Correct, net water rate. The real world losses vary too much with load to work out untill the design is closer to finalization so I'm just allowing 5% for friction and a 5% loss in work produced during expansion which ends up as extra heat at the end of expansion. Same in reverse for recompression.

Again though, if a compound doesn't have such a small transfer port volume between stages to allow full second stage recompression as mine does, or another compensating mechanism such as Andys does with additional steam between stages, there is little hope of bettering single stage efficiency.

Without second stage recompression as well as first stage the compounds efficiency falls apart at anything much less than full power.

As far as costs and scope of project imagine designing and building a modern diesel engine from scratch, without much usable prior art to go on other than what was being done in 1910. Of course I guess you of all people don't have to imagine that too hard. LOL The costs or producing a finished product will go down as the engine advances from prototypes to an on the road product. Right now it's just get something to put on the test bench, prove the thing out and make it work reliably.

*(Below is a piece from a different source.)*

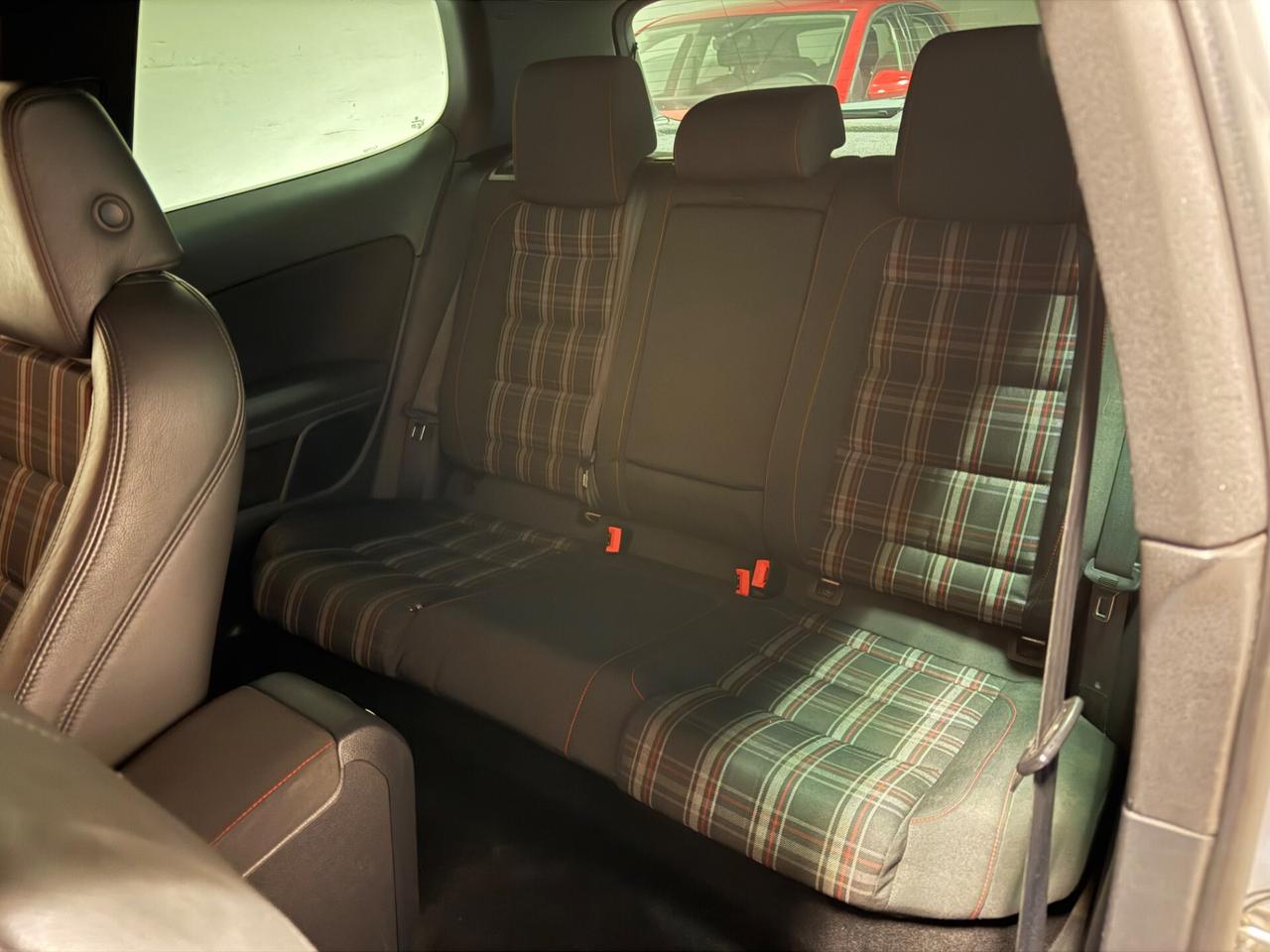 Volkswagen Golf GTI 2.0 TSI 3p.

A modern diesel engine that gets the perported 40% efficiency starts with 56% theoretical thermodynamic efficiency, thats 71% of its theoretical. That fits in somewhere.

I am hoping that from the design there are a lot of offshoots that may be valuable in themselves. I think the cam system will work well for most steam engines, it should be about the fastest reliable mechanical poppet valve system, the crank box will be great for compressors especially those great big ones with cross heads and possibly diesel engines, and the Joule cycle side is a totally different engine on its own.

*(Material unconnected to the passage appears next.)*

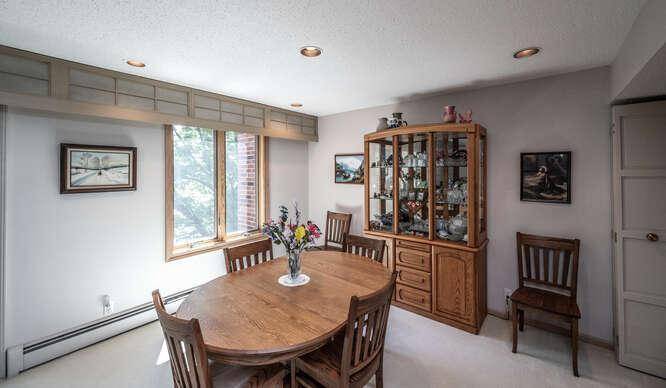 Edina, MN 55439,5601 Dewey Hill RD #211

By the way, the Joule cycle shares the second stage double acting pistons so mechanical losses from having a second stage are minimised.

Anyway ain't gonna quit.

Thanks for the tip about Ceradine, It amazes me how some companies hate little people developing uses for their products. Won't mortgage the house for them.

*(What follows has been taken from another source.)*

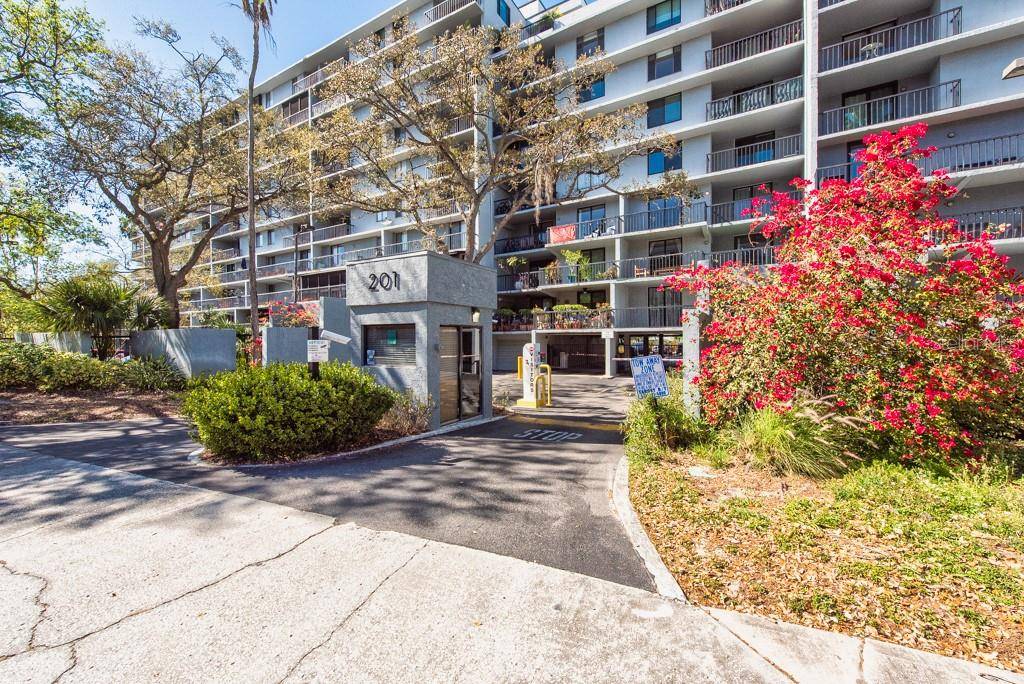 Tampa, FL 33602,201 W LAUREL ST #909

Wishing you the best of days ------------- Bill G.
HLS
Re: Williams ws. Rankin
March 08, 2006 01:35PM
Bill
You are right, follow your dream,,didnot mean to rain on your parade. especialy sence I have not seen what you have. I was bad mouthed last year by a self proclamed expert who new nouthing about a modern engine. of course I would like a spirited debate. He said it would not run, du. LOL So much for the expert.
happy steaming
Harry
Re: Williams ws. Rankin
March 08, 2006 02:08PM
Hi Herry.

A compound of equal output should be a lot smaller, have reasionable valve timming and clearances.

The problem with a single stage operating at close to full expamsion is simply the verry short valve timming and clearance your engine would have to have.

As an example starting with 1480 PSIA inlet steam at 950F.
Expand it down to 16 PSIA. Slightly above 1 Atm(14.696 PSIA).

The expansion ratio is 40.8:1 In order to get that in a single stage I used a clearance volume of only 2%. Probably not atainable. The cutoff point is 7.3 degrees after TDC. 2.028% of a revoloution. And 0.50% of the stroke. Now how much time is the inlet open at 1000 RPM. 2.028% of 0.060 seconds. You lnlit valve must open and close in about 0.001217 seconds.

A compound is going to scrifice some expansion to interstage pressure drops. My three stage compound operating between 1480 PSIA and 15 PSIA has a combined expansion around 28:1. There is non-work pressure drop expansions into the recievers and to the exhaust.

So an equiivant expansion in a single stage of 28:1 would be more equiivant.
A cycle of 1000 PSIA 950 F expansing to 16PSIA comes close. It has an expansion ratio of 27.84:1. In order to achieve that I used a clearance of 3% that would be hard to achieve. That allowed a 8.6 degree cutoff. 0.7% of stroke. That is a little better time wise. At 1000 RPM the valve has 0.001433 seconds to get open and close.

Note the cutoff and clearance values of the single expansion engine. With high compression. About 21.6% of the steam in the cycle is inlet steamm. With the compound having 5% clearance 3.03 expansion ration 85.7% of the steam is inlet steam. 5% cutoff and 3.03:1 exoansion is a cutoff of 59.8 degrees 29.6% of stroke.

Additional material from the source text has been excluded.